Local AI Isn’t Ready Yet

I’ve been benchmarking my Framework Desktop, which contains an AMD Ryzen AI Max+ 395 (Strix Halo) with 128GB of LPDDR5 unified memory, and it’s a great reality check on where local AI actually stands. Yes, this class of “AI PC” can run small models effortlessly and even push into the medium tier with decent results. But the moment you look at what it takes to match flagship cloud models, you hit a hard wall: these systems are designed around a ~128GB memory ceiling. That’s enough to load and run medium models, sometimes surprisingly well, but it’s not even close to what frontier dense models require.

Let me unpack that.

1. We now have three real tiers of models

Right now the ecosystem naturally splits into:

Small models (a few billion params) Example: Llama 3.x 3B class models. These run on almost any decent laptop. They’re cheap, fast, and useful — but limited.
Medium models (~70B dense or ~100B+ MoE) Example: Llama 3.x 70B, or GPT-OSS-120B. These are much more capable. But they need serious memory. GPT-OSS-120B is Mixture-of-Experts, so it only activates ~5.1B params per token, which is why you can sometimes run it around ~60GB RAM/VRAM with heavy quantization.
Large / flagship frontier models Claude, Gemini, top-tier ChatGPT, etc. These are the ones that feel “unfairly good” at broad reasoning, coding, writing, agentic tasks. They’re still datacenter beasts.

That tiering matters because hardware maps onto it directly.

2. Local AI hardware is hitting a hard ceiling

The new “local AI PC” wave (AMD Strix Halo / Ryzen AI Max+) is genuinely impressive. These machines ship with unified memory up to 128GB, and AMD even lets you carve out up to ~96GB of that as VRAM. That’s the sales pitch: a big shared memory for local LLMs.

But here’s the catch: 128GB is the ceiling the market has standardized around. So even if these chips get faster at inference over time, they will never load models that require more than that.

And most flagship dense models are way beyond that footprint.
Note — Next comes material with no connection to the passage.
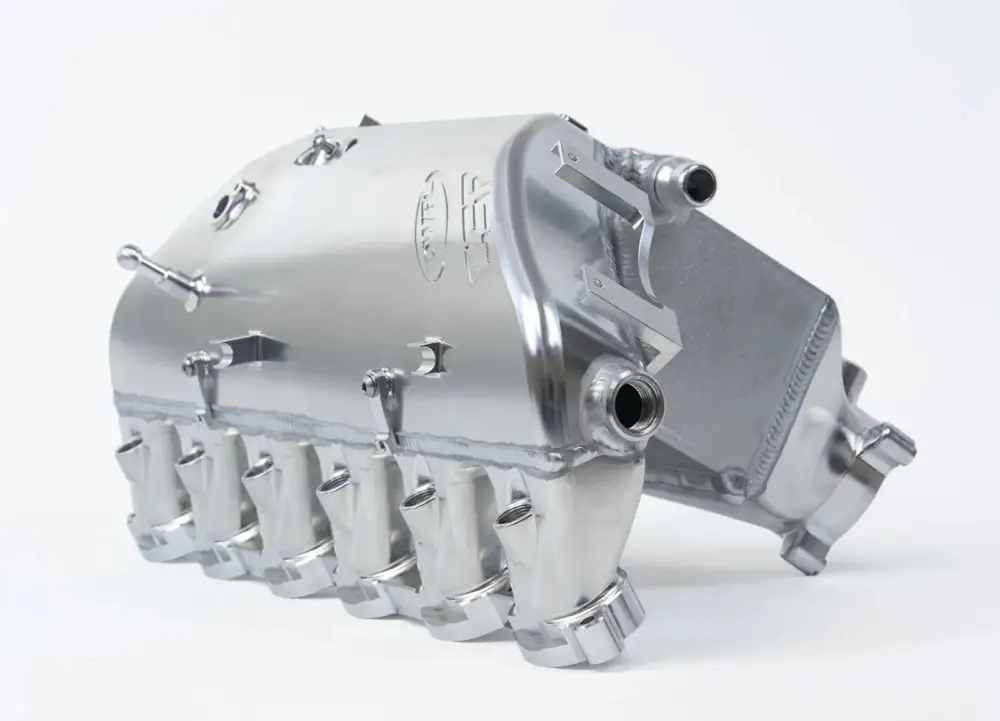 CSF Charge Cooler Manifold ''Level up'' pro BMW M3 G80 s motorem S58, barva přírodní hliník Finální Výprodej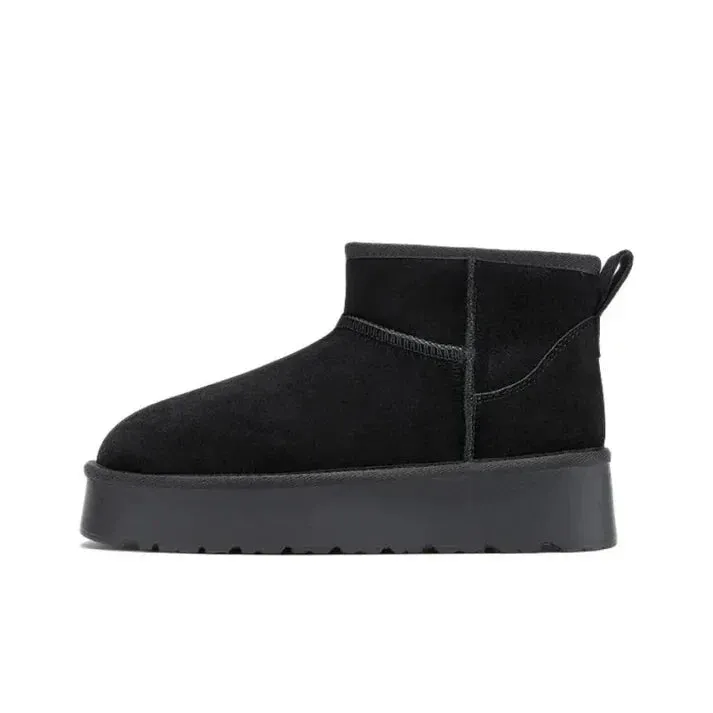 Boots with soft fur lining for extra comfort for women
Even GPT-OSS-120B needs ~236GB in FP16 and stays in “barely local” territory only thanks to MoE sparsity and quantization tricks.

Compute and bandwidth matter too, obviously, Strix Halo bandwidth is ~256–275 GB/s, which is great for an APU but still far below serious datacenter GPUs.

But even before compute becomes the limiting factor, memory already blocks the road.

So local machines are literally designed for small/medium models, not frontier ones.

3. Medium models are cool… but not frontier-equivalent

Medium models today are good. Sometimes very good. On certain tasks, with the right prompting or retrieval, they shine.

But if you use frontier models daily, the difference is obvious:

reasoning depth
consistency across long tasks
ability to improvise or recover when things get messy
fewer dumb failures on “normal” requests

Medium models feel like you’re constantly working around limits. For narrow workflows, that’s fine. For general everyday intelligence, it’s not yet the same league.

And since I’m looking at the future through today’s lens: local compute is not enough yet for generic AI behavior, unless you accept a noticeable downgrade.

4. Cloud flagships are cheap right now (and that distorts everything)

Another reason local isn’t compelling today is cost.

Frontier models on the cloud are artificially inexpensive relative to what it would cost to replicate their capability on-prem. Because:

the whole industry is flooded in VC capital
big players (Google, etc.) can subsidize compute to gain market share
prices are strategic, not “true cost”

So from a user point of view: Why spend thousands on hardware to run a medium model locally, when you can rent a frontier model or a dedicated GPU for peanuts?

That doesn’t mean cloud will stay this cheap forever, nobody knows, but it explains why local feels like a not-so-good trade right now.

5. Why I still care about local: sovereignty

Even if local isn’t ready for general AI today, I care about it for one main reason: sovereignty.

A lot of organizations cannot send data to someone else’s servers. Period.

sensitive client data
strategic internal documents
regulated or confidential workflows

For them, “just use the cloud” is not an option. Local AI is the only credible long-term direction for those cases.

And beyond enterprises, I also think individuals owning their compute matters, because you don’t want core cognitive tools to be permanently rented at someone else’s mercy.

Bottom line

Local AI isn’t a now-thing for frontier-level general intelligence. Hardware is capping out at ~128GB unified memory, which locks local machines into the medium tier. Medium models are impressive but clearly different daily experience as flagships.

Cloud flagships are inexpensive because of subsidy and strategy, making local economically irrational today.

Local still matters long-term for sovereignty and ownership. So yeah: I hope local AI will be huge, it’s just not the case yet.